En 1921 le collège compte plus d'élèves qu'en 1914. Le soucis de ses dirigeants successifs sera alors de pousser les murs et de multiplier les étages pour faire place à un afflux constant des élèves et des disciplines mais pourquoi les urbanistes de l'époque se sont-ils appliqués à construire de si précieux bâtiments au voisinage des gares, les exposant ainsi aux dommages collatéraux des guerres modernes. Ce fut le cas pour Paul Duez à Cambrai, pour H. Wallon à Valenciennes et pour Saint-Jean à Douai. C'est ainsi que le Père Dussart et moi avons été instruits dans des baraquements provisoires et très inconfortables.
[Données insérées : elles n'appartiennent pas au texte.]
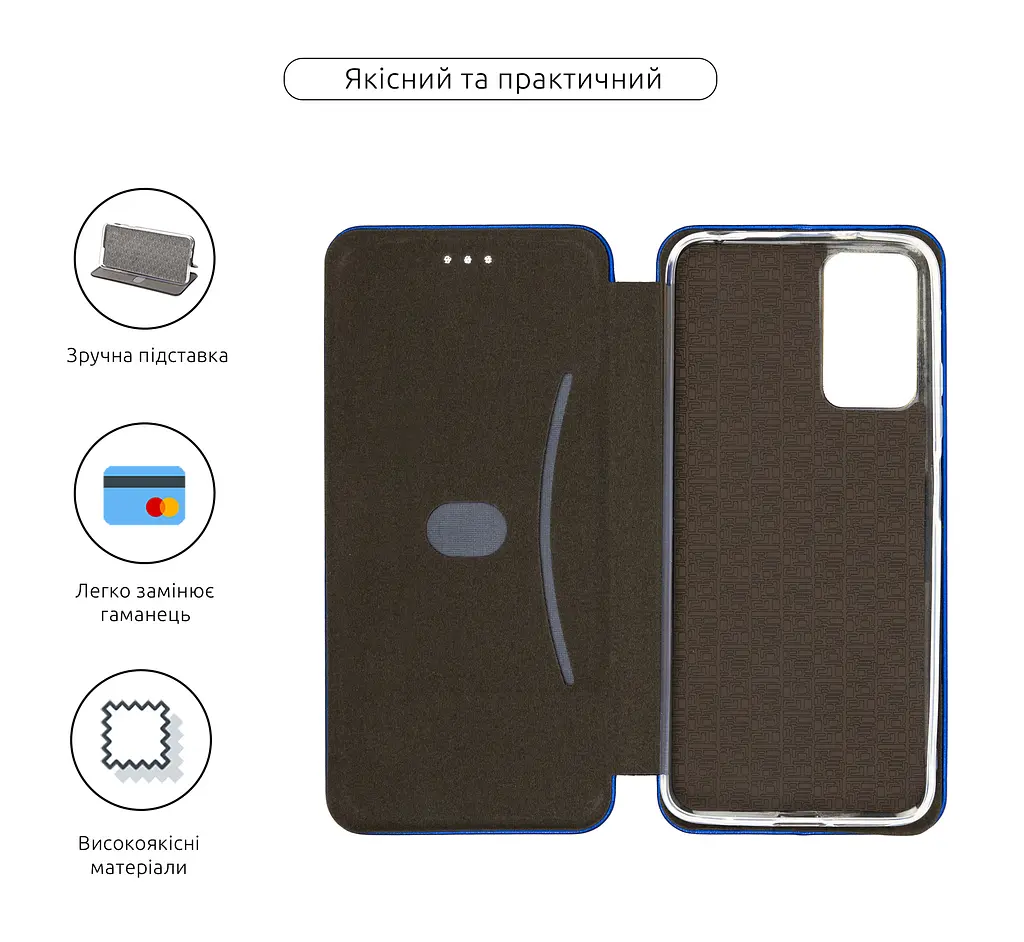 Чехол-книжка для Xiaomi Redmi Note 12S 4G, G-Case, синий, кожаный чехол-книжка из экокожи (PU) и TPU, с магнитом, с подставкой и вместительным кардхолдером, противоударный, защита всего корпуса, ArmorStandart (ARM67508) - фото 3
Il y avait heureusement, Madame la Proviseur, un aspect de votre intervention que Jean Perrier ne pouvait prévoir. La discussion qui suivit vous permit d'aborder, pêle-mêle, les arcanes logistiques du baccalauréat, l'enseignement du latin et du grec et les liasses bilingues et européennes. Vous vous dîtes satisfaite de l'harmonie qui règne entre établissements publics et privés sous contrat. Un seul regret ? L'absence de classes préparatoires. Je crois que si une possibilité s'offre de pallier ce manque, tous vos successeurs s'engouffreront résolument dans la brèche. Ainsi le lycée Paul Duez pourra inscrire sur son fronton la même devise que celle du collège de France en 1530 : « Omnia docet » : Il enseigne tout.


[1] Adam de la Halle (dit Adam d'Arras ou le Bossu d'Arras) est un trouvère de langue picarde actif au XIIIe siècle, mort probablement en 1288 (ou un peu avant) à la cour du comte d'Artois à Naples.